Case concerning prospective application for intercountry adoption under the 1993 Hague Convention; the consent given by a testamentary guardian to his own adoption application remained valid.

The case concerned issues that arose relating to a prospective application for an adoption order under the 1993 Hague Convention.

The proposed adopter was Mr X, an American citizen, who was habitually resident in the USA. He was currently in the UK and was the guardian caring for his 8 year old orphaned niece, Z, who was a British citizen.

Mr X applied pursuant to section 6(7) Children Act 1989 to revoke a testamentary guardianship order and for Z to be made a ward of court.

Z was removed from her birth parents and Mr X's sister, Ms Y, adopted Z when she was 2 years old. Ms Y tragically died when Z was 3 years old. In line with Ms Y's wishes, a 2015 order appointed both Mr X and Ms W as the joint guardians for Z. Mr X intended to permanently care for Z in the USA and this plan could only be achieved via a Hague adoption. This was supported by the whole family, in particular Ms W.

Mr X had been assessed and approved as a suitable adopter by a Texas social worker in accordance with Article 15. The LA in the UK was in the process of completing the Article 16 report and all indications were it would be positive.

Mr X's application to revoke the testamentary guardianship order made in 2015 was therefore made on two bases:

1. By giving consent to the adoption under Article 4, Mr X was giving consent to his own application to adopt and thereby his consent risked being tainted by that conflict, and did not provide the usual safeguards.

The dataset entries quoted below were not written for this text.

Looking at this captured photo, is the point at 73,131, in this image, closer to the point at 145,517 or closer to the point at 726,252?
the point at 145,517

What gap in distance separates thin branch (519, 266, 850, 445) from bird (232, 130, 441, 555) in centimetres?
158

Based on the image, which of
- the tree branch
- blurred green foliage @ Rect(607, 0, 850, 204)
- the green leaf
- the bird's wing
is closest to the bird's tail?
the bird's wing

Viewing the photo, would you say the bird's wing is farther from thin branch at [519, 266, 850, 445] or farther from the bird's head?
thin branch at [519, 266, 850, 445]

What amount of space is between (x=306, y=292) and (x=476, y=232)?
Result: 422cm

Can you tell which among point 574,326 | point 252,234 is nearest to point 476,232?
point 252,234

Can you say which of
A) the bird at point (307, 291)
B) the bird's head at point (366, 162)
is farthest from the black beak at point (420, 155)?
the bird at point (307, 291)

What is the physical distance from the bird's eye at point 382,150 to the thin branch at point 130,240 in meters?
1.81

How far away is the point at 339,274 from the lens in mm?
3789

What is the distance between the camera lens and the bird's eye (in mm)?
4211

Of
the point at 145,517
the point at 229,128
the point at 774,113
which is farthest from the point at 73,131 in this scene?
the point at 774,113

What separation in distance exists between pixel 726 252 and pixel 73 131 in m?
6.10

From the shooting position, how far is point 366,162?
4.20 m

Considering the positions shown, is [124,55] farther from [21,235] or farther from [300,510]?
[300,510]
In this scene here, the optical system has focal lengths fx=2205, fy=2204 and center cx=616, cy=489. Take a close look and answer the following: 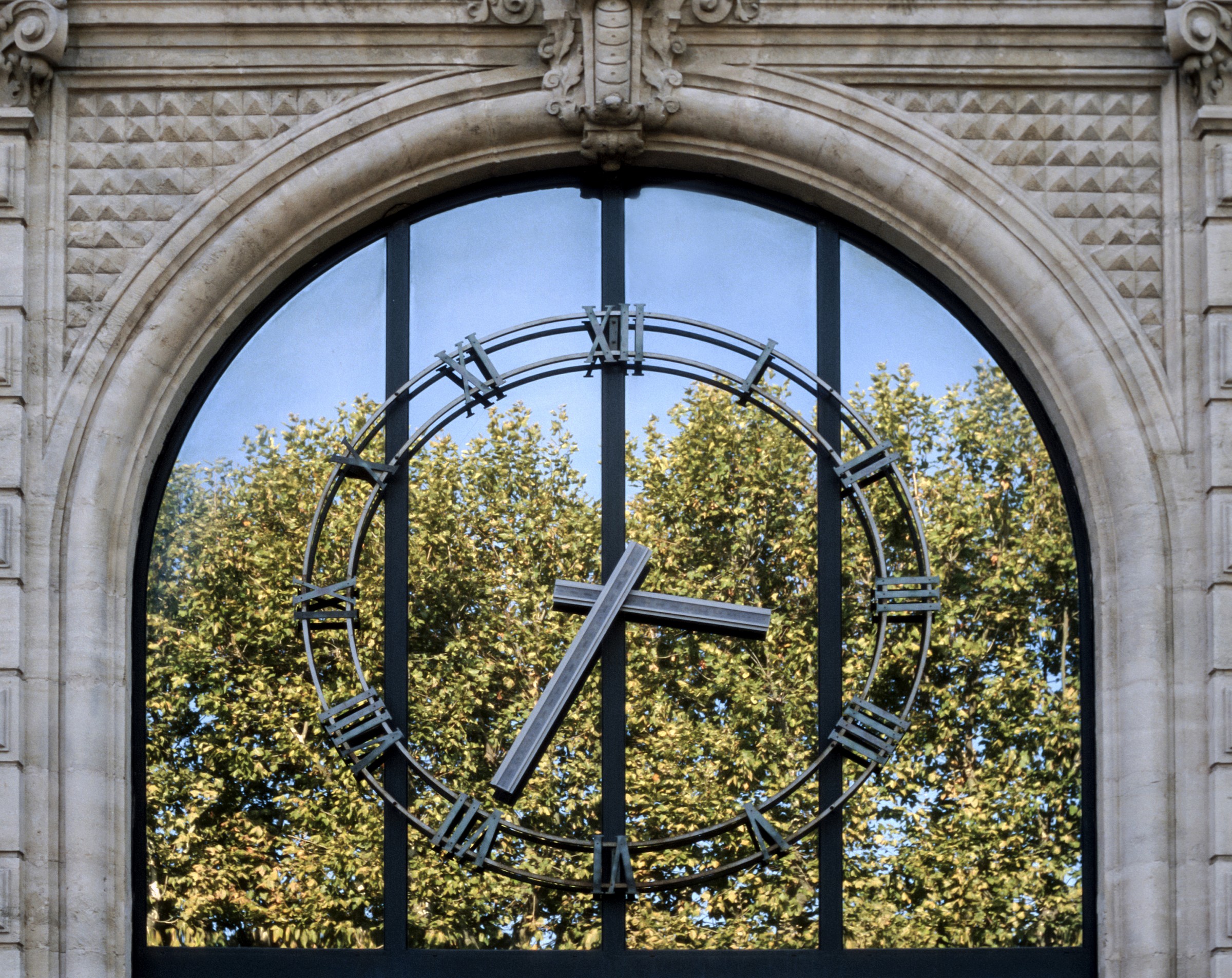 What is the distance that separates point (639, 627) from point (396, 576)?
1380 millimetres

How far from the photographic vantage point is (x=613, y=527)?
12.3 m

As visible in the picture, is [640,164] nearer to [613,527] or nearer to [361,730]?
[613,527]

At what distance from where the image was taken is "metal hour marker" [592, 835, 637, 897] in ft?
39.0

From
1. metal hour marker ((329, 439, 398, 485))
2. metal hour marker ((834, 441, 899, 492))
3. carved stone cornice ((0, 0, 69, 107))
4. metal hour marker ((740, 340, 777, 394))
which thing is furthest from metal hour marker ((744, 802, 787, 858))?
carved stone cornice ((0, 0, 69, 107))

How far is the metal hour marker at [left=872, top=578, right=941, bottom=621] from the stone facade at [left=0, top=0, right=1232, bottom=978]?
0.92 metres

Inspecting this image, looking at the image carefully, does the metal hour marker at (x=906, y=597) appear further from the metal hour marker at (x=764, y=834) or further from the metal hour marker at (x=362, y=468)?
the metal hour marker at (x=362, y=468)

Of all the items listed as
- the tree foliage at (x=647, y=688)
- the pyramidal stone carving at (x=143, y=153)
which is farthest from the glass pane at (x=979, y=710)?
the pyramidal stone carving at (x=143, y=153)

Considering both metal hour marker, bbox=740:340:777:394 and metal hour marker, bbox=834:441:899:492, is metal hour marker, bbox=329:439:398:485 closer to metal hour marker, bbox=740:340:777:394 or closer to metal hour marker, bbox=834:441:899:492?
metal hour marker, bbox=740:340:777:394

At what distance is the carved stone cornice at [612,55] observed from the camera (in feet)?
40.7

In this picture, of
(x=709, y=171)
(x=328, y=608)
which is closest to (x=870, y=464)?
(x=709, y=171)

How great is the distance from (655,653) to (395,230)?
2.89m

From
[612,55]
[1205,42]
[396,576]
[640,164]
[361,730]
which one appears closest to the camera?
[361,730]

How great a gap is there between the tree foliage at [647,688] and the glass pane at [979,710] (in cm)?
1

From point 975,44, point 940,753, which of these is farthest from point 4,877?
point 975,44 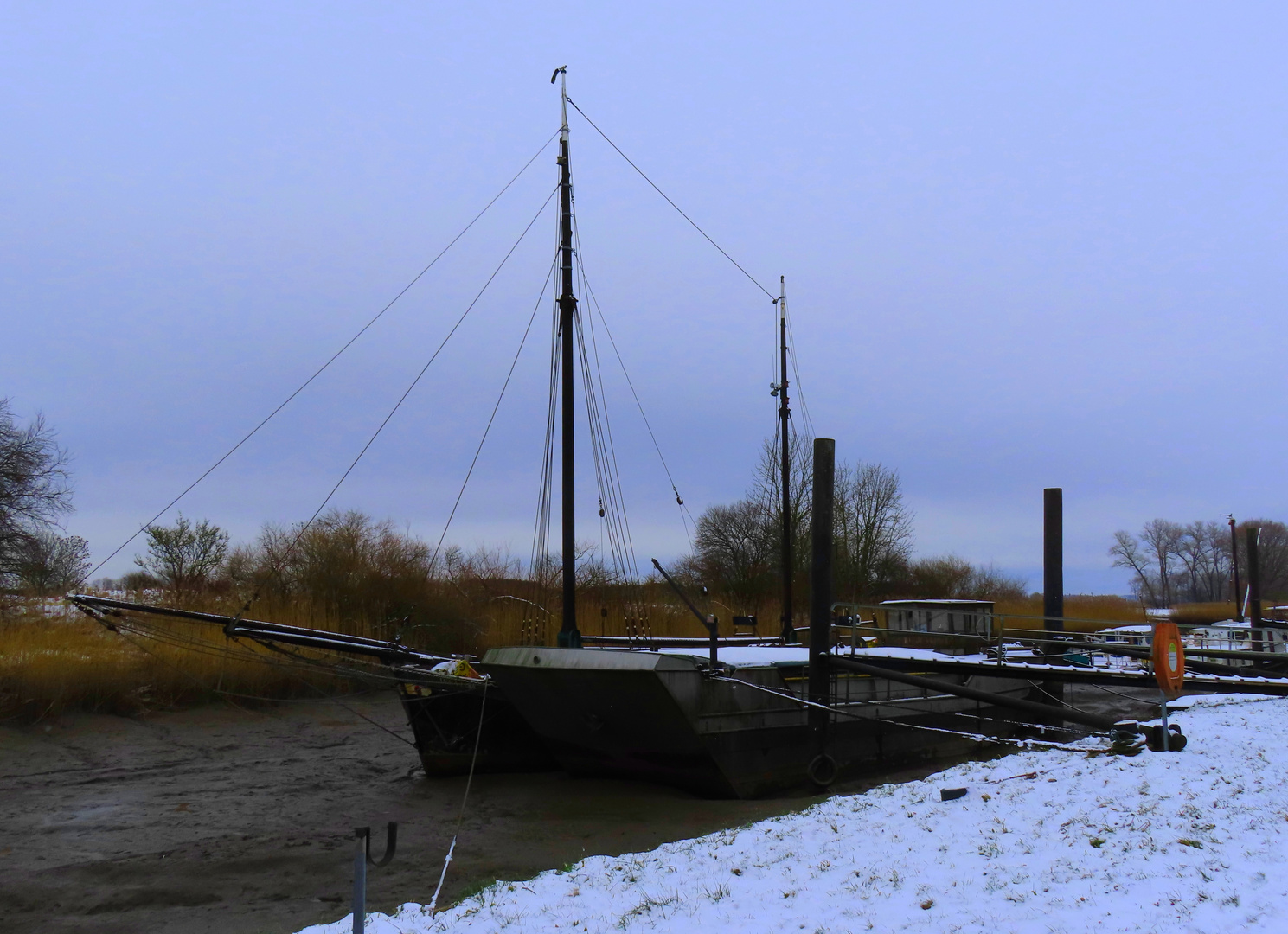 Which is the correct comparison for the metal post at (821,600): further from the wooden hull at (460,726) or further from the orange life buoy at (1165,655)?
the orange life buoy at (1165,655)

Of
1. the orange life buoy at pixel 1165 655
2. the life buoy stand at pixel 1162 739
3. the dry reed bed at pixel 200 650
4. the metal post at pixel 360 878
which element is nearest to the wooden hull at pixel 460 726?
the dry reed bed at pixel 200 650

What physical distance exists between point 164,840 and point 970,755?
13.9 m

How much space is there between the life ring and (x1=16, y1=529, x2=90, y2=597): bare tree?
18764mm

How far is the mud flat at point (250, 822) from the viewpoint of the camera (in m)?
9.47

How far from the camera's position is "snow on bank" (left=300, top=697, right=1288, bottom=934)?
576cm

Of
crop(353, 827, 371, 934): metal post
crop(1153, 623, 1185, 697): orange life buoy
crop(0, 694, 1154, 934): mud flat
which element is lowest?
crop(0, 694, 1154, 934): mud flat

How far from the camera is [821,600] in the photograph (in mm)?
15375

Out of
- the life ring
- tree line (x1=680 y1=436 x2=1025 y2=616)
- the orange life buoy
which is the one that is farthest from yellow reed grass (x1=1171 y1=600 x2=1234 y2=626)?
the orange life buoy

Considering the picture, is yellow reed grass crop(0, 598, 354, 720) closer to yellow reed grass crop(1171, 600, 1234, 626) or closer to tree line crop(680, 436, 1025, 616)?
tree line crop(680, 436, 1025, 616)

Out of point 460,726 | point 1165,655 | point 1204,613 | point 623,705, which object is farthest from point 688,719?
point 1204,613

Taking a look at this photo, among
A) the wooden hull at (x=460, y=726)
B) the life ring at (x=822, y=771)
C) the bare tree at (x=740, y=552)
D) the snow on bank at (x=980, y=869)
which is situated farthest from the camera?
the bare tree at (x=740, y=552)

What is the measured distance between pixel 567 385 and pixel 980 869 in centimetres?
1155

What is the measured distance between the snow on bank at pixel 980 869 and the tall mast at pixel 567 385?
640 cm

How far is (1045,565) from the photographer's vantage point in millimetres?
21547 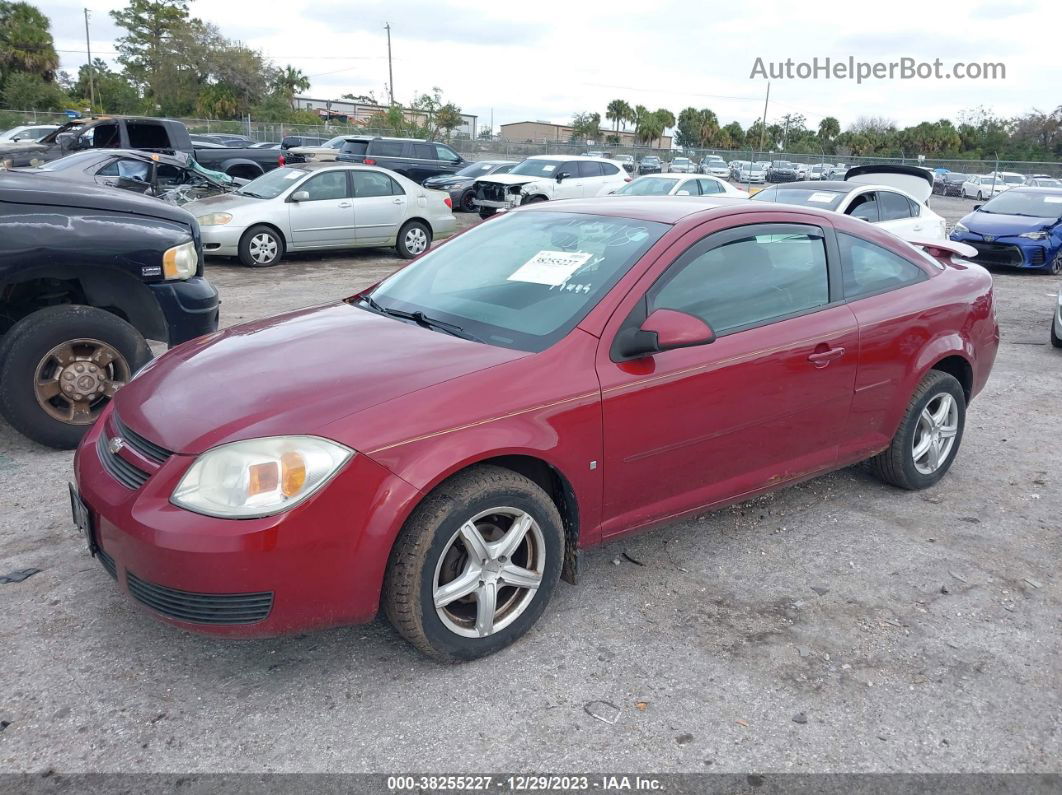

2. By remaining a testamentary guardian, he risked not meeting the requirements under Article 17 that Z should not be 'entrusted to prospective adoptive parents' until the requirements under Article 17 are met.

Mr X's preferred outcome was for Z to be made a ward of court, with care and control to Mr X and Ms W. It would then be the court as opposed to Mr X whose consent was required for the adoption application.

Theis J concluded that in 2015 when the guardianship order was made there was no evidence that adoption was being considered. The Convention adoption process has a number of built in safeguards. If it were a domestic adoption Mr X and Ms W's consent would still be required, and subject to the usual safeguards it would not be considered to be invalid by virtue of the fact one or both of them were making the adoption application. There was nothing in the Convention that undermined the validity of the consents to adoption that had been given by Mr X and Ms W. This was supported by the comprehensive and entirely positive assessment undertaken of Mr X regarding his suitability to adopt Z. In those circumstances, whilst understanding the concern Mr X had about the consent he had given, those concerns were not shared by the court. An additional safeguard in this case was the position of Ms W.

Theis J accepted the submissions that 'entrustment' in the domestic context applied to parental responsibility granted or acquired with a view to adoption, which was not the position here as the granting of the testamentary guardianship order in 2015 was at a time when adoption was not considered as an option. 'Prospective adoptive parent' was consistent with the process within the Convention when a person initiated the adoptive process, which in practice would be the request for an Article 15 assessment. During the 'entrustment window' which was the period between the time at which the prospective adopter initiated the adoption process by requesting an Article 15 assessment, and the time at which the state of origin and the receiving state agreed that the adoption may proceed, Article 17 prohibited any changes in the status and relationship between the child and the prospective adoptive parent. It did not prevent the prospective adoptive parent caring for the child during this window.

The court therefore refused the application to revoke the testamentary guardianship order.